Plonger sans bouée dans une immensité humaine.Impossible d'accrocher le rebord, nécessite d'attendre patiemment qu'Albert Cohen décide de nous laisser reprendre pied. Non que cette plongée soit déplaisante, bien au contraire, mais elle est abyssale. Incontrôlable.
"Lisez cette œuvre, c'est absolument sublime. Cette peinture de l'amour ! Cette histoire entre deux êtres qui s'aiment !"
Ai-je mal compris ? Ai-je mal retenu ?
Peinture ? Certainement pas ! Paysage accidenté, 3D été l'intériorité sous les projecteurs.
Histoire ? Pas de narration, du vécu à l'état pur, directement puisé au cœur et à l'âme.
Deux êtres qui s'aiment ? Amour subtilement mis en pièces, ridiculisé par le marionnettiste ironique qui attise l'éternel conflit de la logique et du désir, de l'esprit et du cœur. Il le fleurit, le nourrit, hymne à notre stupide condition, désespoir peut être aussi.
Mais il est vrai, quel vocable employer pour résumer ces mille et quelques pages ?

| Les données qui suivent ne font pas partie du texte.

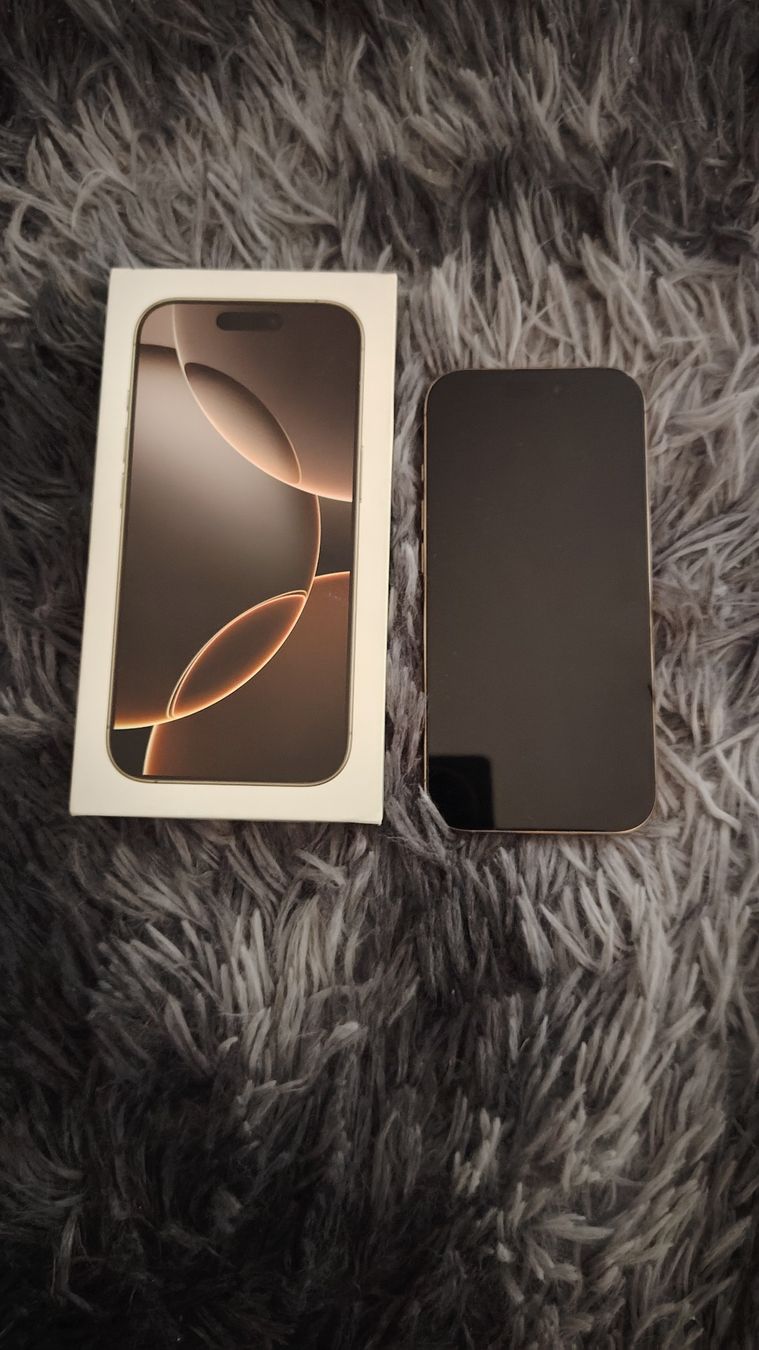 Apple Telefoni cellulari / Smartphones: Iphone 16 pro 256gb – Usato da Vevey venduto da ras_c2vn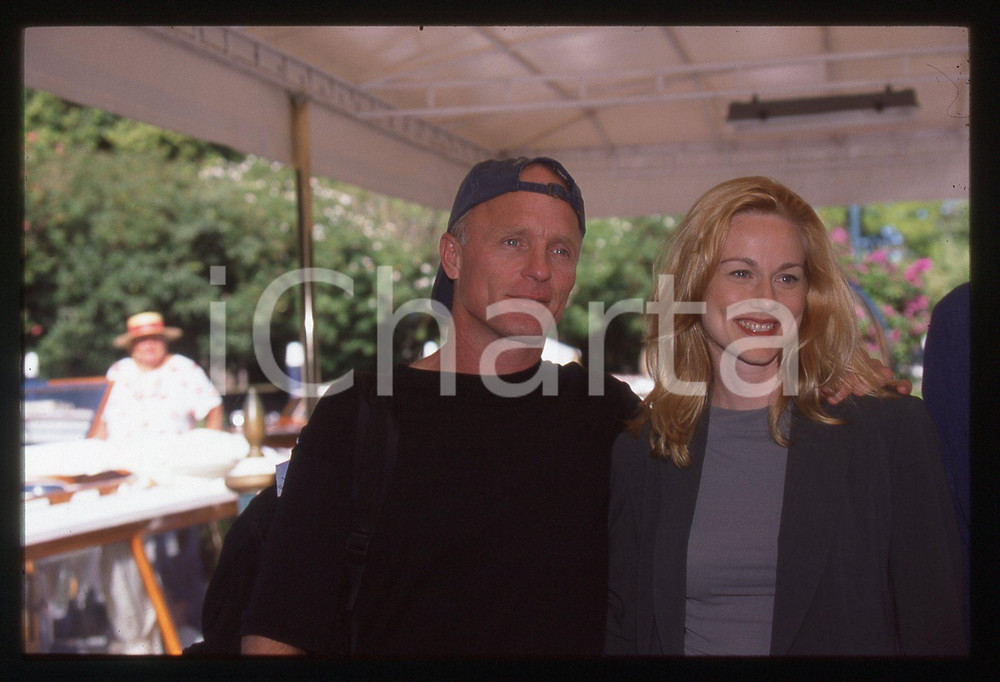 35mm vintage slide* 1999 VENEZIA Ed HARRIS e Laura LINNEY arrivano al FESTIVAL 2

Revenons sur cette ironie acide qui me traverse a chaque page de l'œuvre. D'aucuns y sentiraient l'amour irrépressible et volcanique de deux êtres envahis l'un de l'autre. Bien entendu.
J'y sens davantage cette plaisanterie sans fin sur le dos des amants, éperdus, perdus. N'entendent rien, n'écoutent rien, ne relèvent rien que leur amour cannibale. Qui dévore qui au final ? Je l'ignore. Mais c'est en ces termes que j m'interroge.
Où ont disparu Ariane et Solal ? Ils me semblent de simples pantins. Le narrateur, masqué, discret, serpente entre les lignes et après réflexion, c'est par lui que je suis prise. Les personnages me font rire, je les toise, je ne peux pas les pendre au sérieux. C'est ce narrateur faussement en retrait qui m'habite. Fascine. Il transmet pointilleux s'innombrables nuances, précis exigeant. Il retrouve toutes les voix, toutes les intonations, change toutes les parties, avec son timbre, absolument propre. Respect inouï de l'expression de chacun, mêlé à une énorme caricature. Sans concessions.
Et cette pièce montée, avec ardeur probablement, est mitraillée par un invisible pessimisme. Planant. Insidieux.
Et à chaque page, je ris de cette femme, cet homme, de moi à travers lui, de nous tous.
Parfois, ce narrateur que j'imagine quelque peu diabolique, retrouve sa veste et se laisse glisser a des épanchements presque lyriques. Poésie en prose, lâcher prise total, un moment de douce tristesse, hors bataille. Comme une respiration avant de repartir au clairvoyant combat.
Pas de cruauté gratuite.
Une implacable justesse et sans doute une grande tendresse d'homme trop lucide.